Wednesday, February 24, 2010

An Open Letter to Anyone Disgruntled with Christianity... From a Postmodern Jesus Follower

Thank you for taking the time to read this. I believe that it’s important for me to clear some things up. Even though what’s below represents some of my convictions, know that Christianity represents a broad range of beliefs and ideas that are not shared by all. That being said, here are 10 things that I really want to communicate to you:

1) I also get frustrated when christians say one thing, but do the opposite.

2) I don’t understand either why most christians simply refuse to take what Jesus said seriously.

3) I do want to apologize to you for how bad and poor quality the christian entertainment industry usually has been over the years. I am often times embarrassed.

4) Or, maybe I should apologize that there’s even a christian retail market to begin with. Jesus was against materialism, so I suppose that would include things that bear his name also.

5) Not all christians are like televangelists asking for money or like the people in mass crowds handing out pamphlets and holding signs with hateful messages. I apologize for how they’ve distorted your view of christianity. Just know that your frustrations with these and others are shared by christians as well.

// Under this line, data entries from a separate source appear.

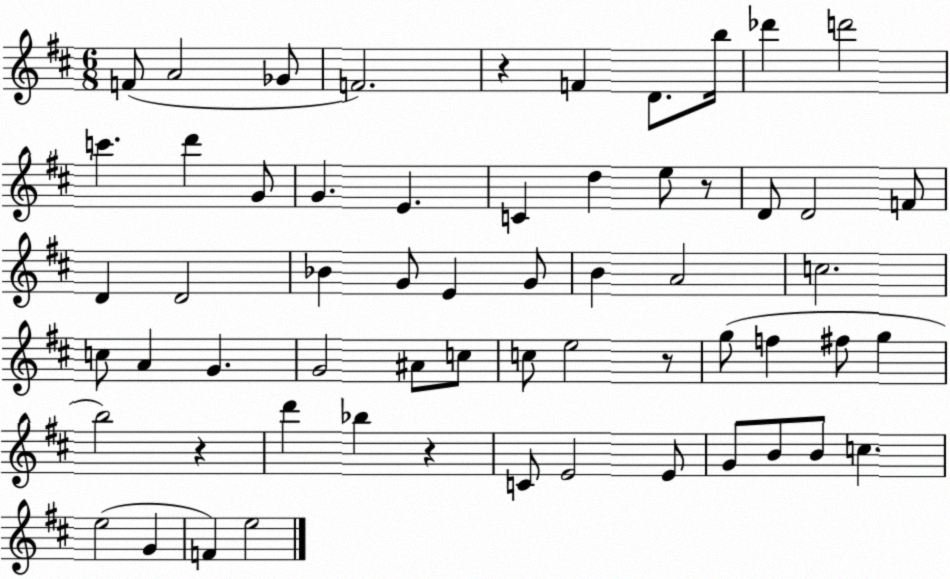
X:1
T:Untitled
M:6/8
L:1/4
K:D
F/2 A2 _G/2 F2 z F D/2 b/4 _d' d'2 c' d' G/2 G E C d e/2 z/2 D/2 D2 F/2 D D2 _B G/2 E G/2 B A2 c2 c/2 A G G2 ^A/2 c/2 c/2 e2 z/2 g/2 f ^f/2 g b2 z d' _b z C/2 E2 E/2 G/2 B/2 B/2 c e2 G F e2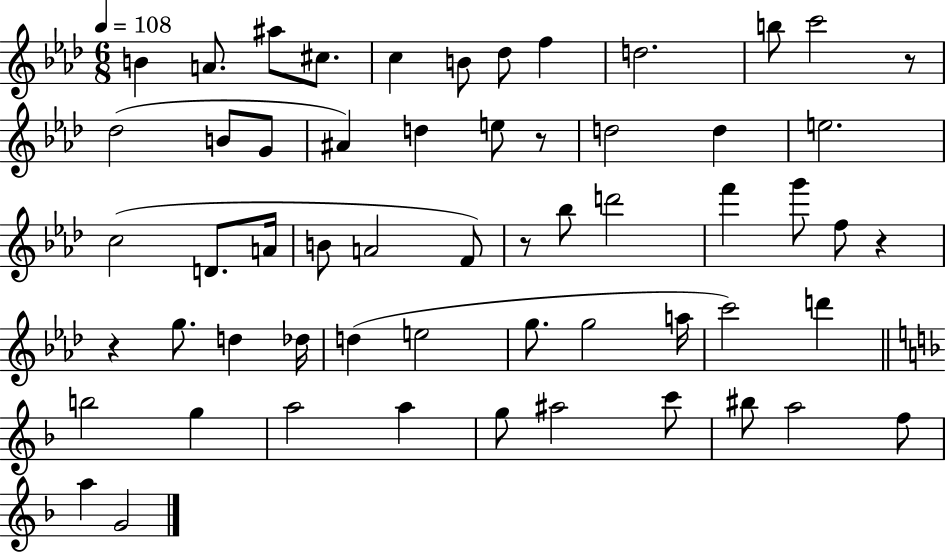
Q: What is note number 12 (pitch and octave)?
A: Db5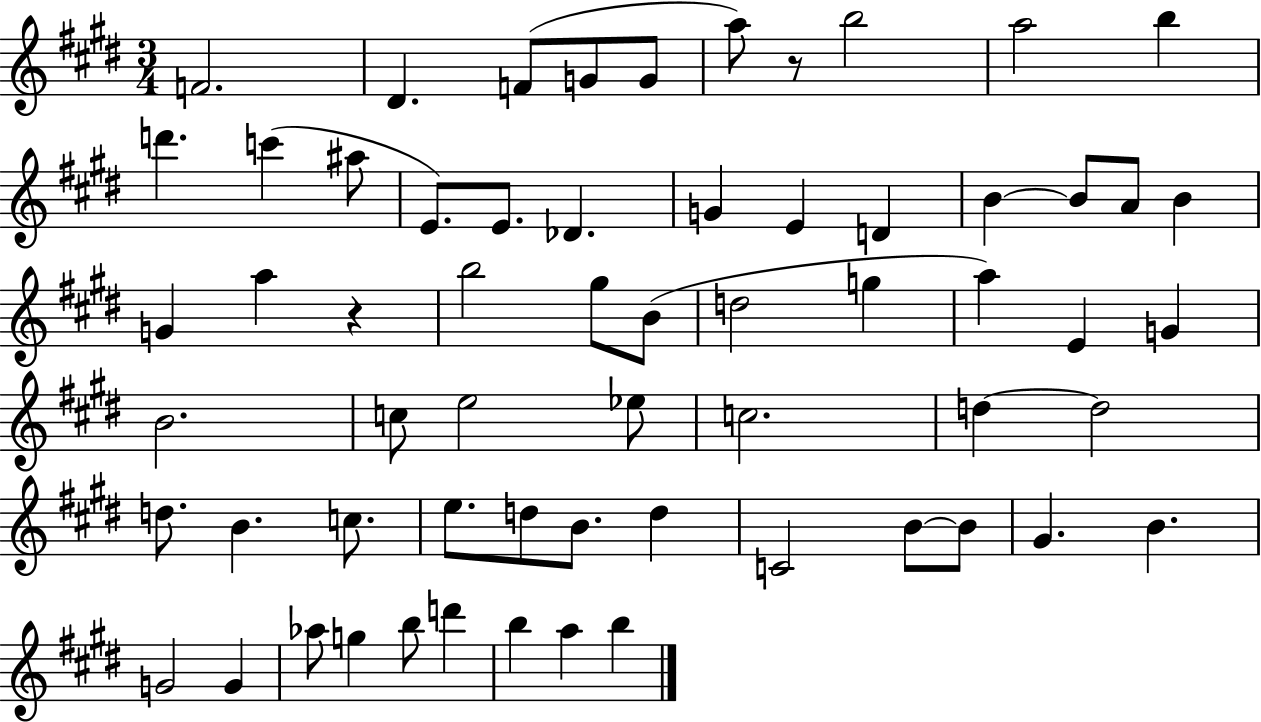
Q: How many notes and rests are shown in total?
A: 62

6) I don’t like how christianity has meshed with politics either. No matter what the right or the left says, I am sure that Jesus would not be a democrat or a republican. He really isn’t concerned with with such things.

7) I also get angry when I think about all the times through history and to the present where christians have used the name of Jesus to manipulate, create fear, wage wars, or do anything to amass power over land, wealth, or people. Its disgusting. I think Jesus would be very angry.

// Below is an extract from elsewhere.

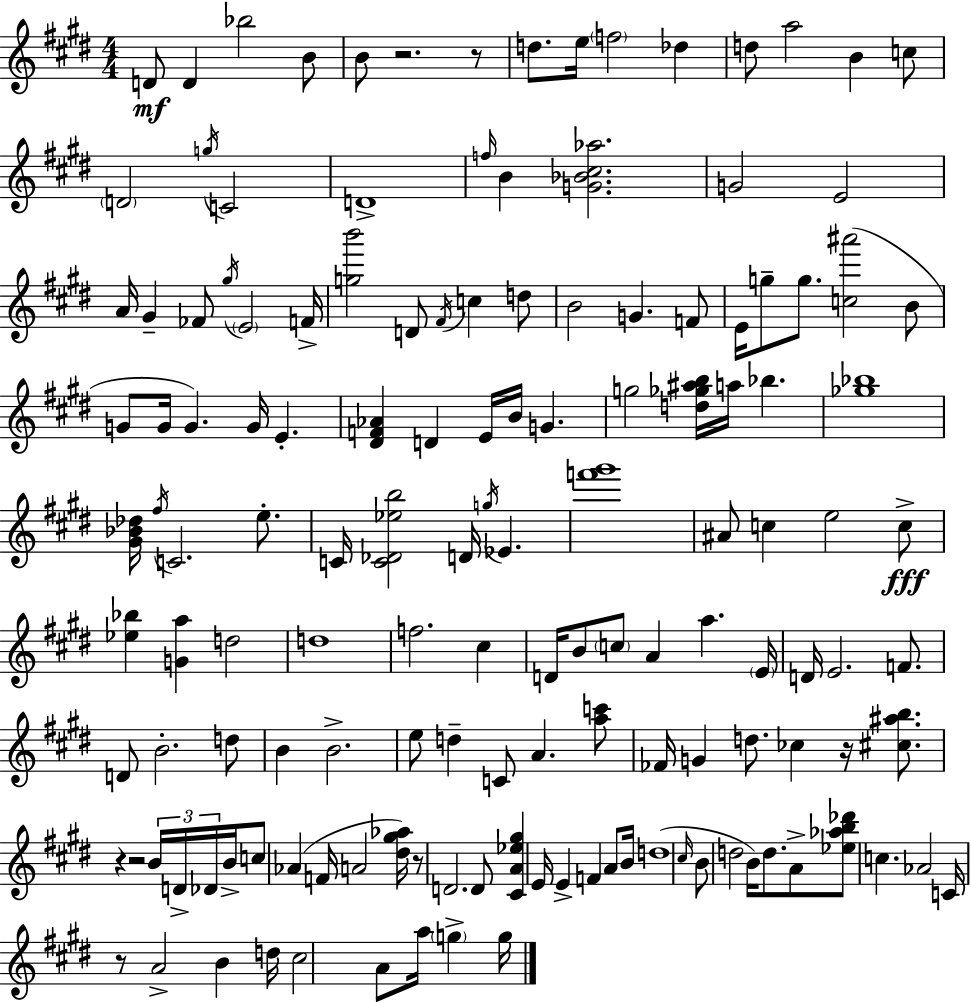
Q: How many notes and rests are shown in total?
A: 143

8) I am so sorry that our churches have not been willing to listen to you, that we haven’t been as welcoming as we should, and that we haven’t loved all people the way Jesus does. I am ashamed that many churches are more concerned with stains on the carpet than loving the broken and the poor. I promise that many of us are trying to bring change in a positive and constructive way.

9) My hope has never been to “convert” you or anyone, but rather, to get dialogue started, ask for your forgiveness, and remind you through my words and especially my actions that God loves you, and nothing you could ever do could change his unwavering love for you (or even the people mentioned in #5).

10) Don’t expect that because I follow Jesus I am trying to be perfect or that I am trying to convince people that I'm perfect. I have issues, mistakes, and problems in my life too. But, this in no way makes my efforts to be like Jesus less genuine. Without them, I will never grow or learn.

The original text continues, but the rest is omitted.